L’offensive contre «No Billag» est lancée
Plusieurs comités hostiles à l’initiative populaire qui veut supprimer la redevance radio-TV partent en croisade en ce début d’année
Faute de votation fédérale en novembre 2017, le débat sur l’initiative populaire «No Billag» a démarré très tôt. Et le terrain – surtout celui des réseaux sociaux – a presque exclusivement été occupé par les partisans de ce texte qui veut supprimer la redevance radio-TV et priver ainsi la SSR et les 34 chaînes de radio et de télévision privées de l’essentiel de leurs moyens financiers. Les adversaires de cette initiative ont délibérément choisi de concentrer leur campagne sur les deux derniers mois qui précèdent le scrutin du 4 mars. N’est-ce pas trop tard? «Non. Nous allons gagner. Cette initiative est tellement stupide que nous devrions même gagner à 70%», répond le président du PS, Christian Levrat.
Plusieurs groupes de pression entrent en scène en ce début d’année. Vendredi, le comité alémanique Nein zum Sendeschluss (non à la fin des émissions), placé sous la présidence de l’écrivain Pedro Lenz, a ouvert le bal. En font notamment partie le groupe de réflexion Foraus et le groupement Opération Libero. Il a récolté 920000 francs pour financer sa campagne, qui passera notamment par des affiches ciblées sur les différentes régions d’outre-Sarine. Il en existe neuf versions différentes, révèle le chef de campagne, le publiciste Mark Balsiger. Elles montrent une pile de postes de télévision bons pour la casse, sur lesquels apparaissent les logos de stations régionales. «Nous voulons montrer que 34 émetteurs sont menacés si l’initiative est acceptée», indique Emilia Pasquier, directrice de Foraus. «Ces 34 émetteurs concessionnaires tirent entre 30 et 60% des recettes de la redevance», enchaîne le Saint-Gallois André Moesch, président de TeleSuisse, la faîtière des radios-TV privées.
Défense de la diversité
Fribourgeoise bilingue, Emilia Pasquier veut aussi mettre l’accent sur la défense de la diversité culturelle. «Nous sommes fiers de notre multilinguisme. Nous devons ménager les minorités, ce qui ne va pas de soi. La presse a réduit le nombre de ses correspondants dans les autres régions linguistiques, pas la SSR. Cela doit être maintenu. Prenons un exemple: cela permet de faire comprendre ailleurs en Suisse l’identité et les particularités de Genève plutôt que de ne parler que de ce qu’on appelle les «genevoiseries», argumente-t-elle. Le comité rappelle que la répartition des recettes de la redevance n’est pas proportionnelle à la population: les canaux francophones, italophones et romanches touchent, dans un esprit de solidarité confédérale, une part plus élevée que la Suisse alémanique.

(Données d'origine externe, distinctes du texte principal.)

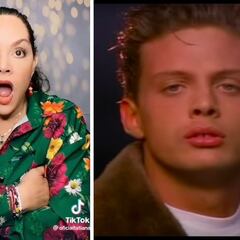 Así reaccionó Tatiana al analizar la letra de ‘La incondicional’ de Luis Miguel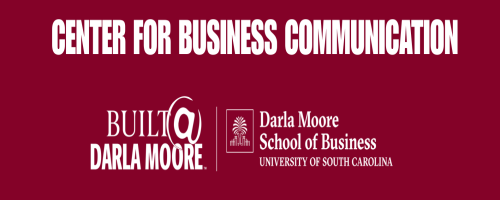 Center for Business Communication Logo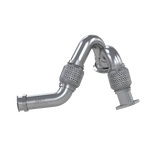 MBRP Ford Powerstroke 6.0L Y-Pipe Kit.
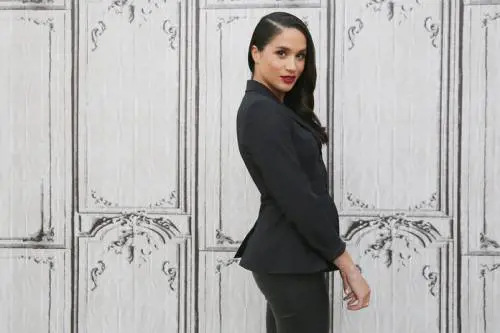 Meghan Markle, lo stile chic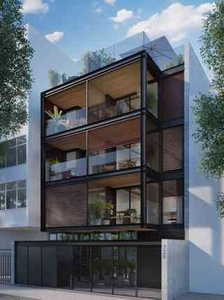 Apartamento com 2 quartos à venda no bairro Ipanema, 94m²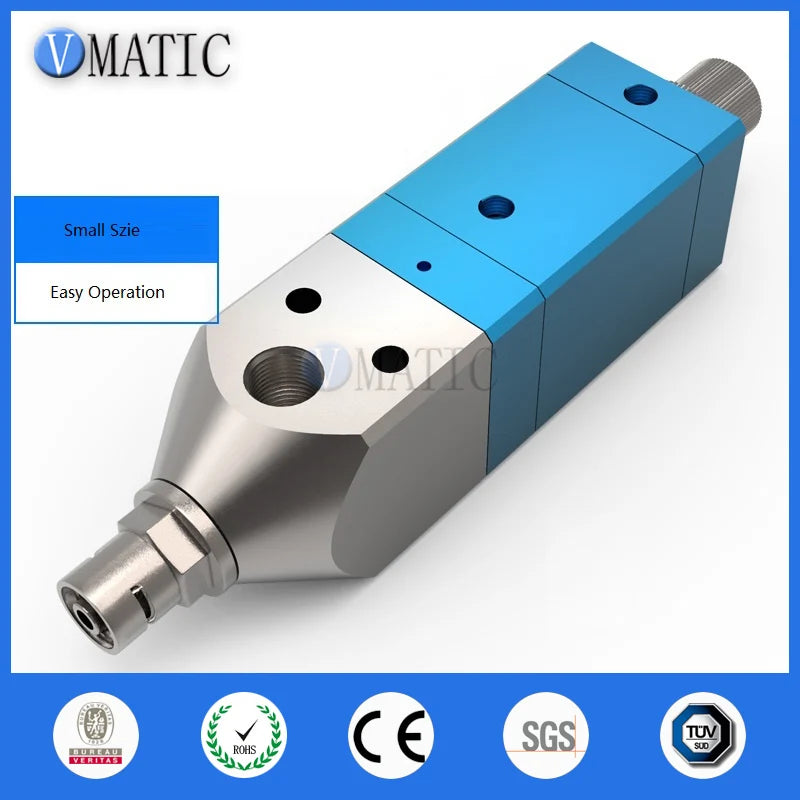 Free Shipping 2023 New Arrival Lifting Suck Back Single UV Silica Gel Glue Adhesive Pneumatic Dispensing Valve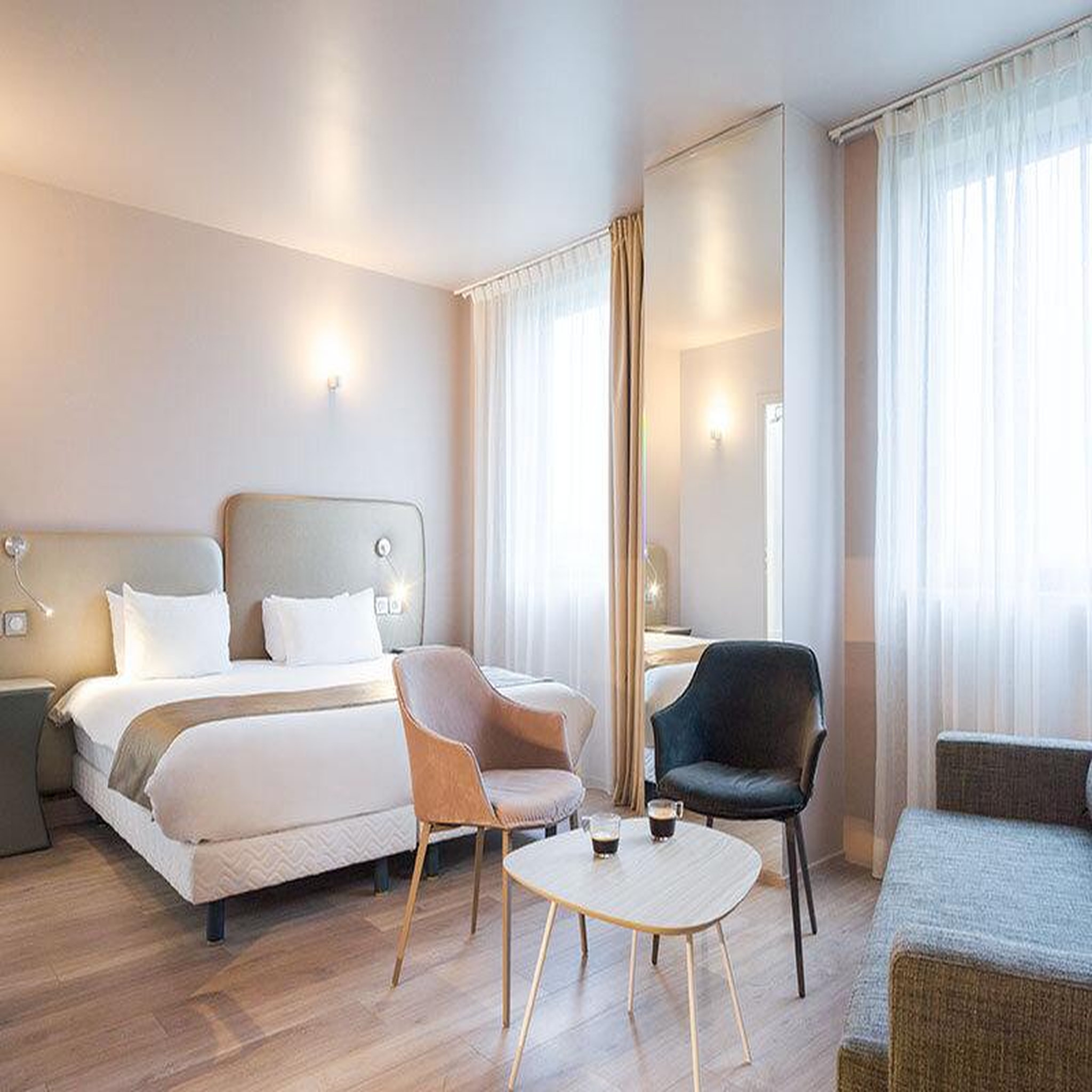 Voir la diapositive 4 : Smartbox 2 jours dans un hôtel the originals - coffret cadeau séjour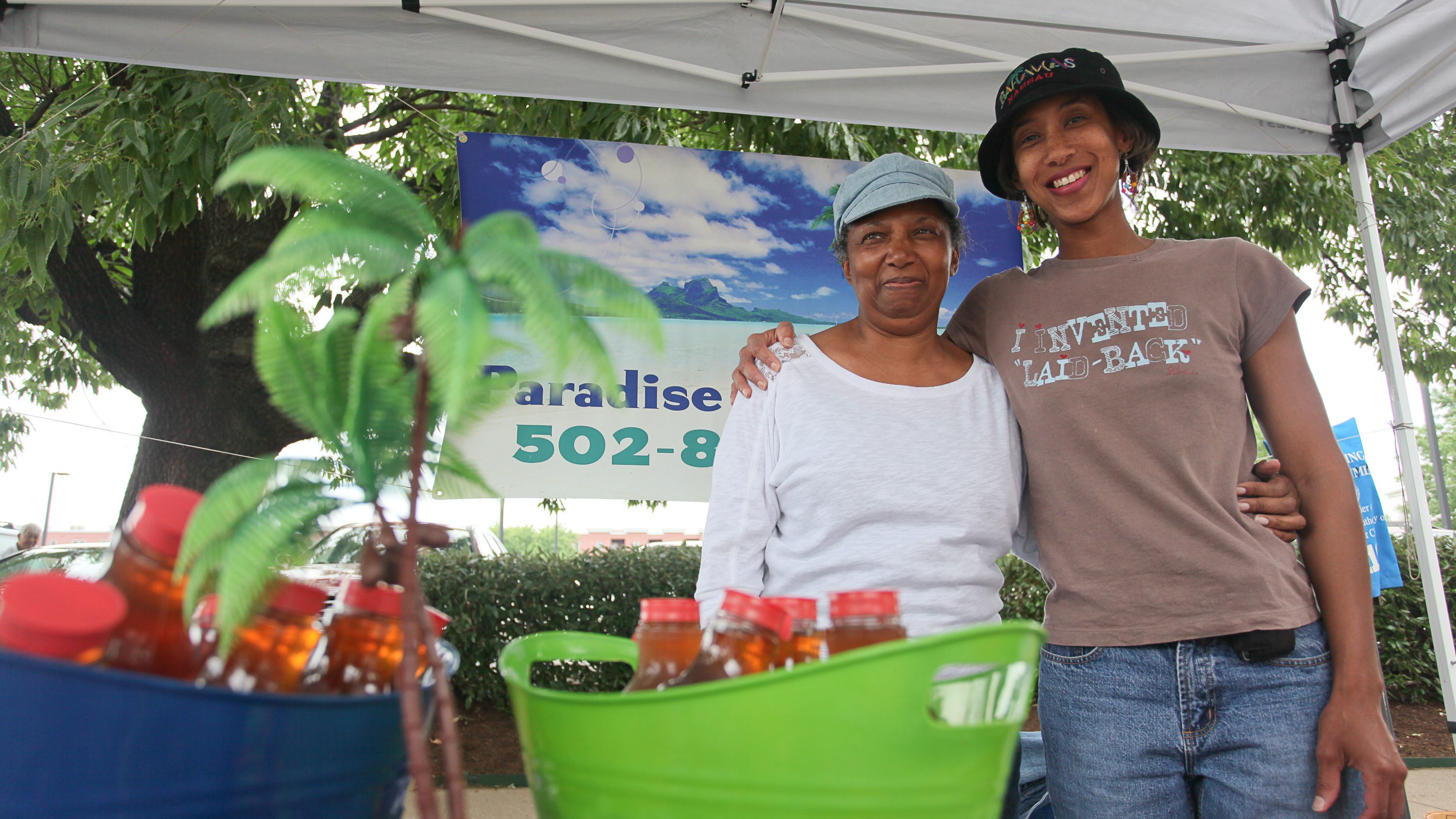 List of farmers markets in Louisville area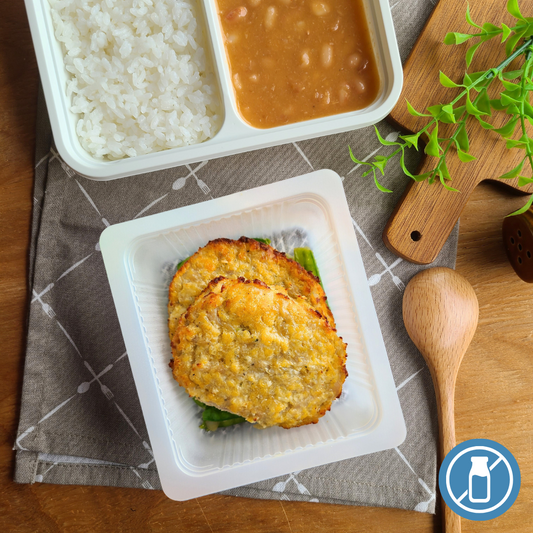 Hamburguinho de Frango com Quinoa "M"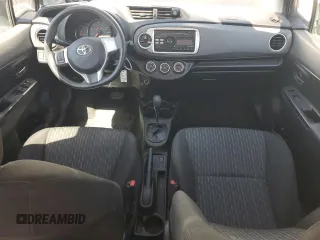 2014 Toyota Yaris L with VIN VNKKTUD39EA000339, listed as a Copart auction lot 52864255 with 78,777 mi miles and Salvage Title. Bid and sale history available at carsss.com. Image 8.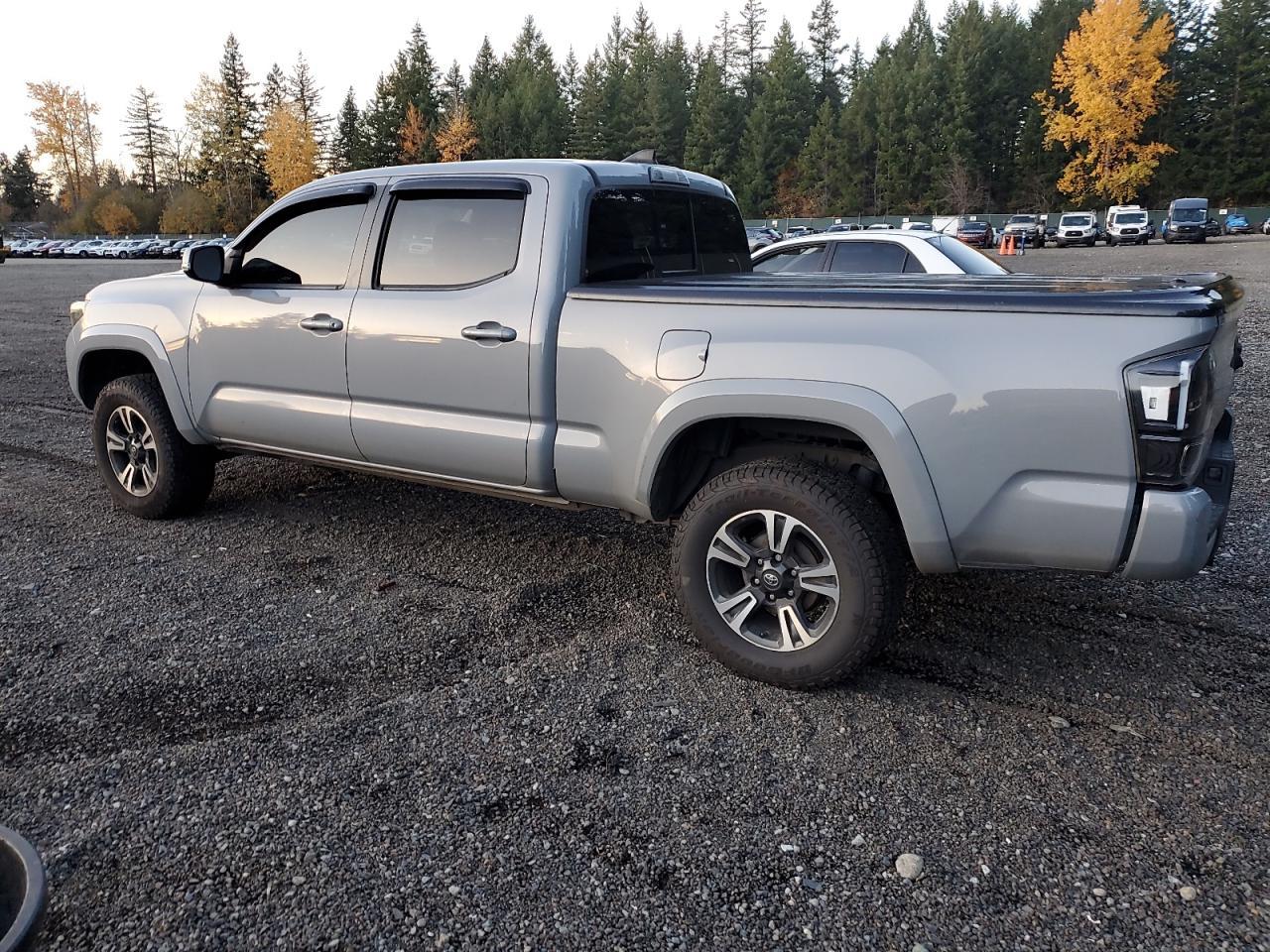 2018 Toyota Tacoma, Double Cab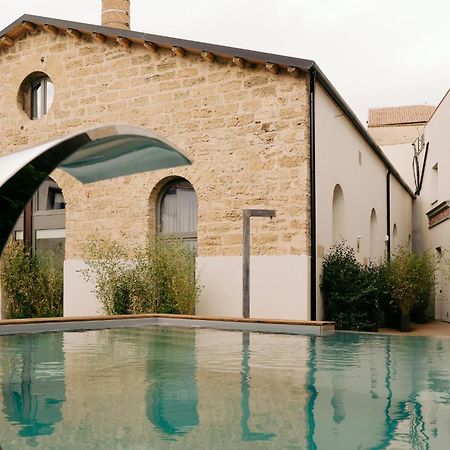 Spasimo Hotellerie Palermo Bagian luar foto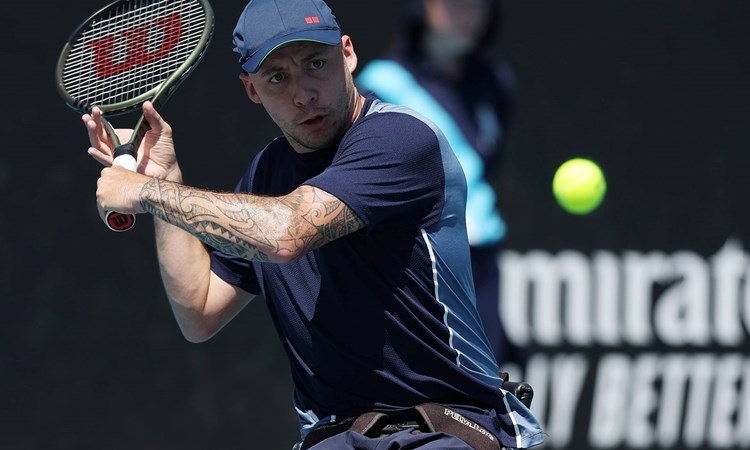 Australian Open champions Hewett, Reid & Lapthorne lead British doubles title success across the world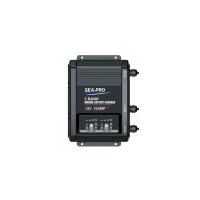 Зарядное устройство SEA-PRO 2х12В AGM/LEAD-ACID/LiFePo4 TE4-0325F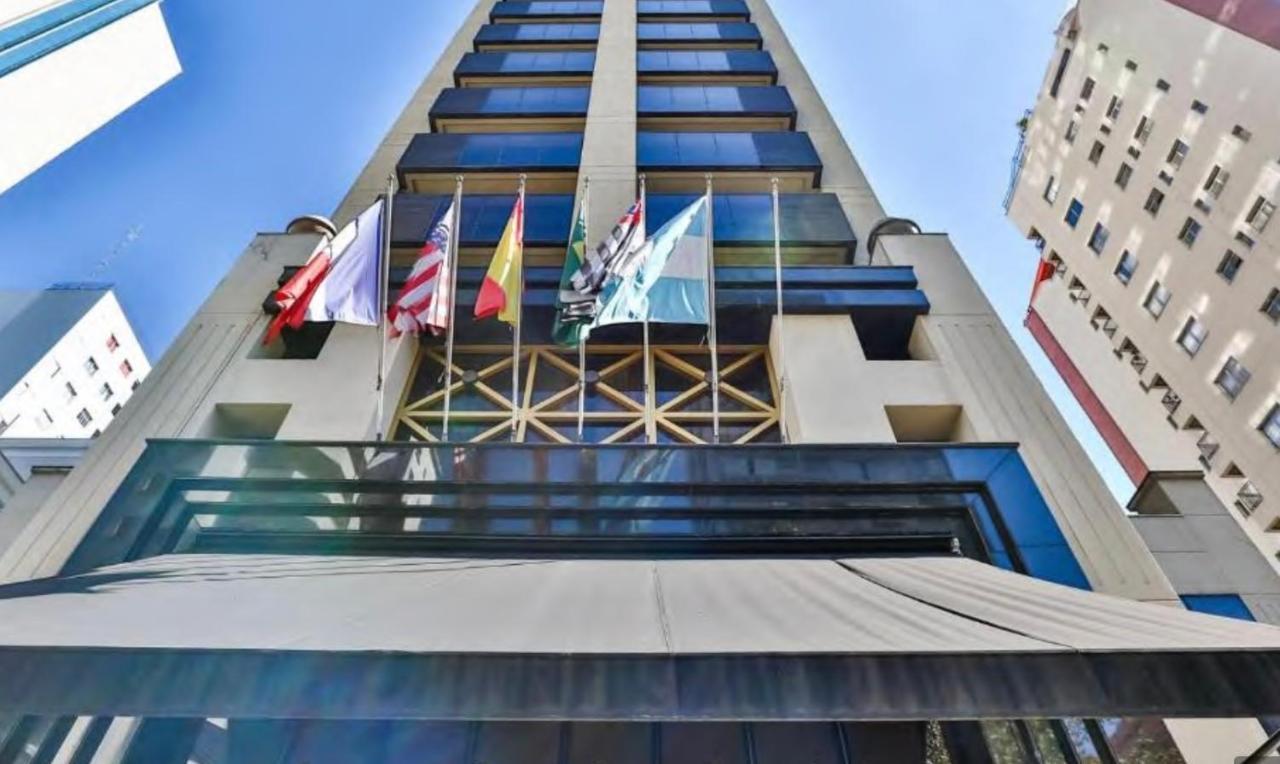 1308 - Rentaqui Hilton Itaim Apartamento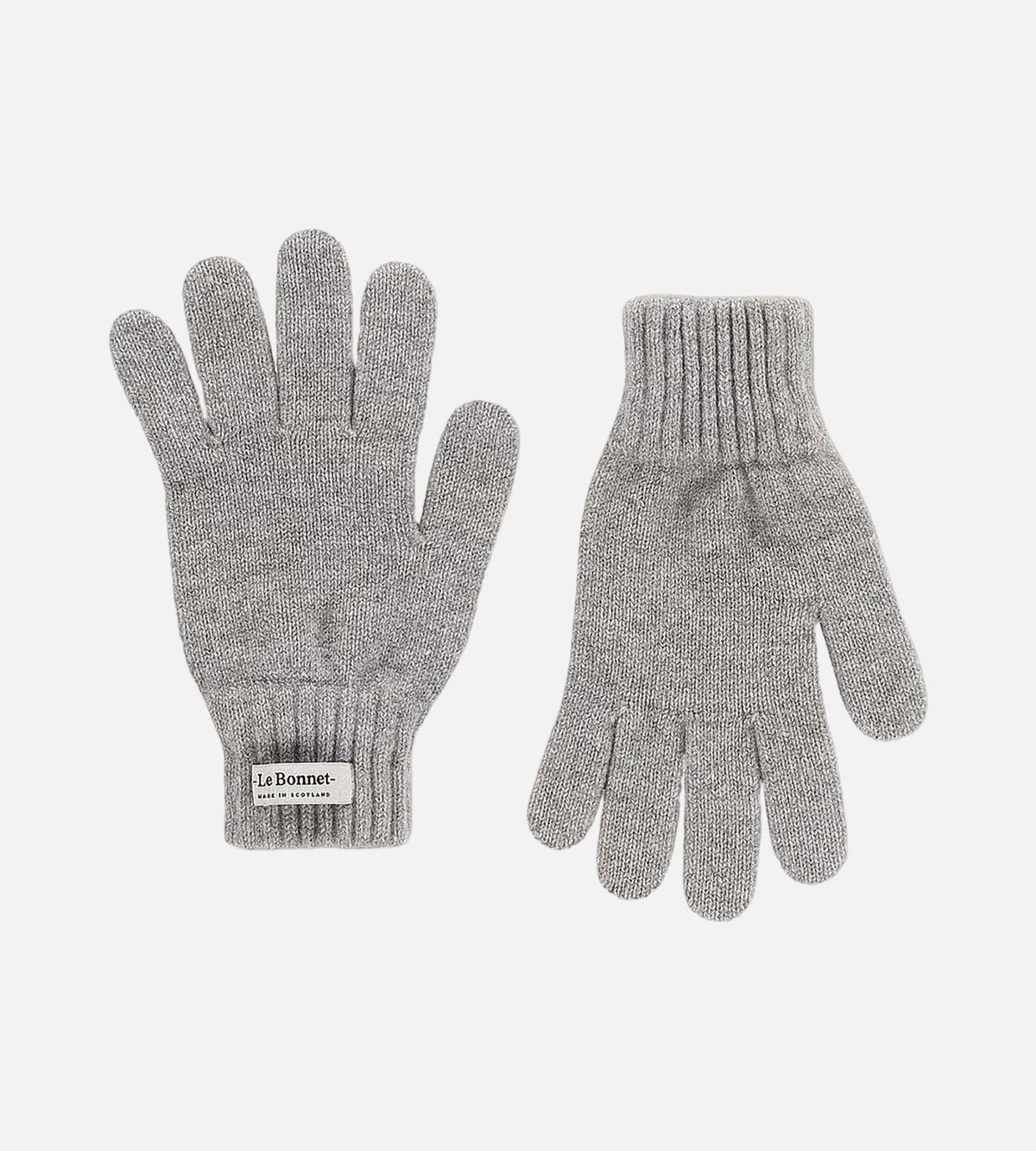 Le Bonnet Gloves Smoke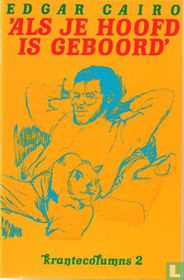 Als je hoofd is geboord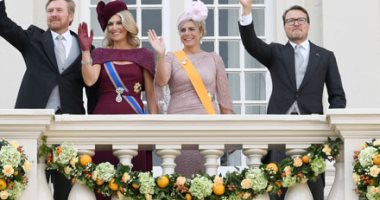 مراسم إعلان ميزانية هولندا 2020 بمشاركة العائلة الملكية 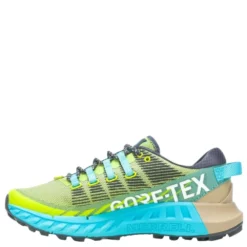 Merrell Women's Agility Peak 4 Gore-Tex In Hi Viz/Atoll -Potomac River Running SHOP me j067538 20 3 1100x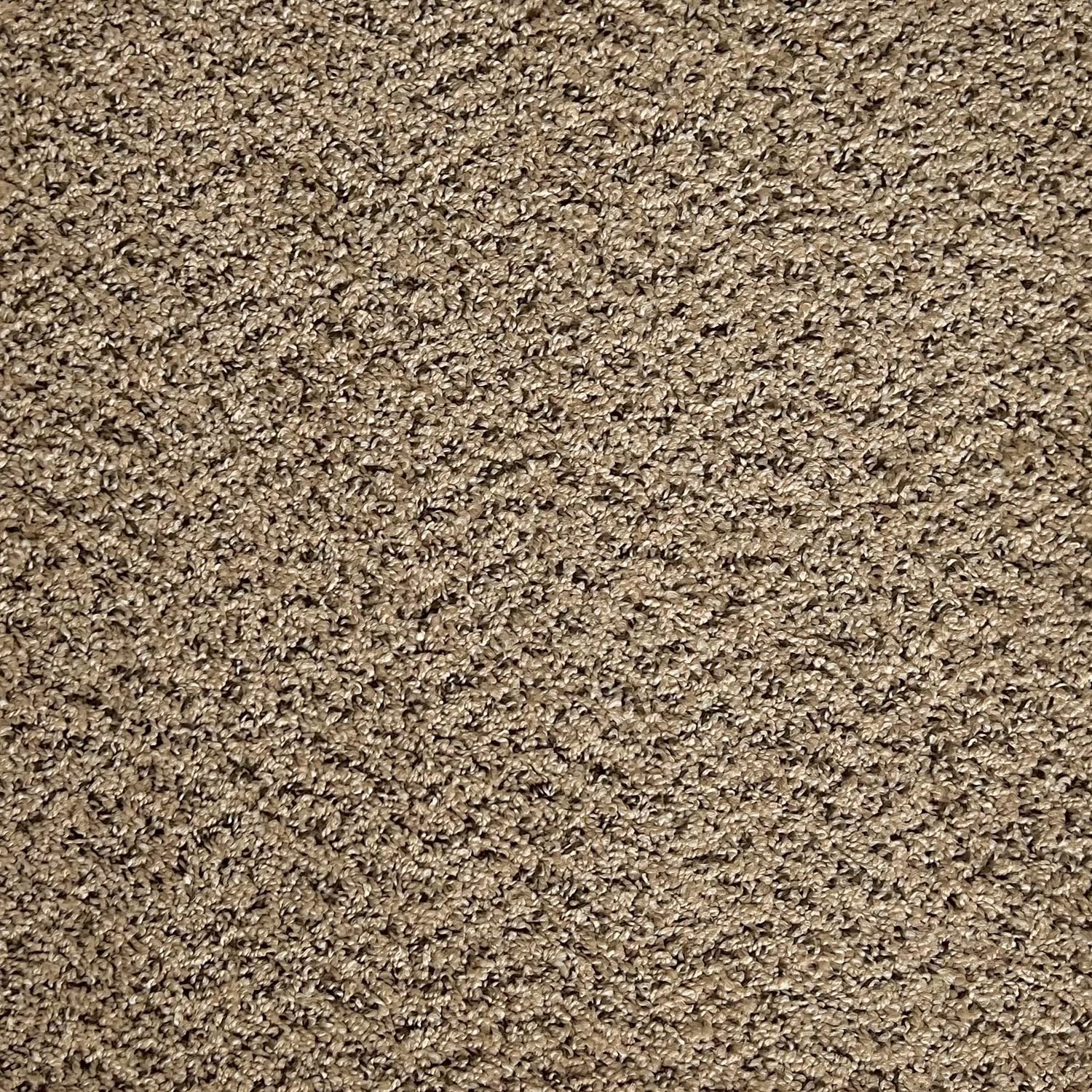 Buy All American Carpet Tiles SQUARE DEAL Residential Plush 18 x 18 Easy To Install Do It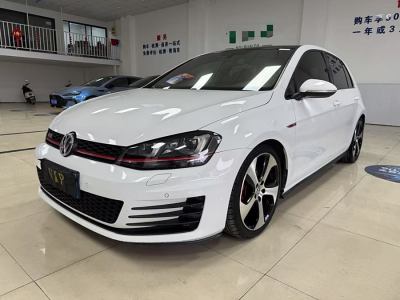 2015年11月 大眾 高爾夫GTI 2.0TSI GTI圖片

«L’enjeu n’est pas de savoir si la SSR doit proposer plus ou moins de sport, plus ou moins de divertissement. Il faut expliquer qu’elle se finance à 75% par la redevance et que, si ces recettes tombent, il ne restera que 300 millions à disposition. Quelle télévision fait-on avec ça? On peut bien sûr imaginer de faire sponsoriser des émissions de grande audience, comme le téléjournal ou les grands événements sportifs, mais pas le reste. Et je rappelle à ceux qui se disent prêts à souscrire un abonnement uniquement au téléjournal que ce modèle de financement n’existe nulle part dans le monde», ajoute Diego Yanez, directeur du centre de formation des journalistes de Lucerne et ancien rédacteur en chef de la télévision alémanique. La SSR ne doit-elle toutefois pas se réformer? «Probablement. Elle a sûrement fait des erreurs. Mais pour qu’elle se réforme, il faut d’abord qu’elle survive», répond-il.
En attendant d’autres comités
Si ce comité se concentre sur la Suisse alémanique, c’est parce que, souligne Emilia Pasquier, «la survie de la TV publique est moins remise en question en Suisse romande, où la qualité des programmes est moins disputée». D’autres comités se joindront à la campagne. Dès dimanche, l’association Médias pour tous va lancer une opération de récolte de fonds par le biais de la plateforme internet Wemakeit. L’objectif est de réunir 120000 francs en vingt et un jours pour combattre l’initiative «No Billag» dans les quatre langues nationales. Mardi, un comité politique interparti auquel appartiennent 170 parlementaires fédéraux – dont trois UDC alémaniques – lancera à son tour l’assaut contre l’initiative.